Alternately, the flow-restrictor 304 can have a variable size throttle orifice so that replacement of the flow-restrictor is not required to vary orifice size. The orifice size can be varied mechanically in many ways, e.g., at surface by hand, by a wireline tool, a slickline tool, a coil tubing tool, a hydraulic line from the surface, by an electric motor controlled by electrical signals from the surface or from wireless signals from the surface, or by an electrical motor receiving signals from a controller downhole. Check valves 302 can be located in the oil conduit 204 and/or the water conduit 206. The check valves 302 can prevent fluid from moving from the oil conduit 204 and the water conduit 206 down into the oil/water separator 200, thereby causing damage to the device. Packers can be used to isolate parts of the apparatus within the wellbore. For example, FIG. 1 shows packers 410 and 420 isolating an area where water is to be re-injected into the formation from an area where well fluid is drawn from the formation. The packer configuration effectively isolates the pump intake from re-injection fluid. Alternately, the packer 420 could be located below the pump 200, provided the water is re-injected above the packer 410 or below the packer 420, thereby adequately isolating the area where the well fluids are produced from the area of the formation where water is re-injected. No specific packer configuration is required, so long as isolation between producing fluid and injecting fluid is adequately achieved.
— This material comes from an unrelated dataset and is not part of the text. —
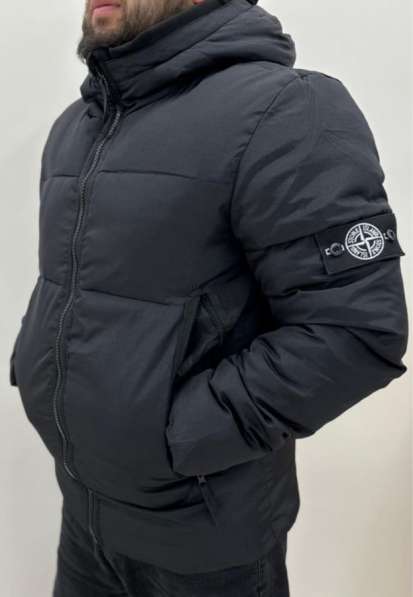 Мужская куртка в Москве фото 3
The above noted configurations also can be used to inject stimulation treatments downhole. FIG. 4 shows the apparatus of FIG. 3 except with the flow-restrictor 304 removed. FIG. 4 shows pumping of stimulating treatments down the completion tubing and into both the oil conduit 204 and the water conduit 206. A flow-restrictor can be replaced with a flow device that prevents treatment fluid from following along the path of re-injection water. The arrows 360 illustrate a representative path of the stimulating treatment. The check valves 302 can prevent the stimulation fluid from traveling into the oil/water separation 200, thereby potentially causing detrimental effects.

FIG. 5 shows a configuration to re-inject a water stream to a zone located below the producing zone. A motor 110, a pump 120, and an oil/water separator 200 are connected as before. A redirector 250 is connected uphole from the oil/water separator 200. The redirector 250 is connected to a conduit 260 that extends downhole from the re-injection and through a packer 420. The packer 420 separates a production area that is uphole from the packer 420, from a re-injection area that is downhole from the packer 420. In this embodiment, the water stream travels through a tailpipe assembly 270. The tailpipe assembly 270 extends though the packer 420 into the re-injection area that is downhole from the packer 420.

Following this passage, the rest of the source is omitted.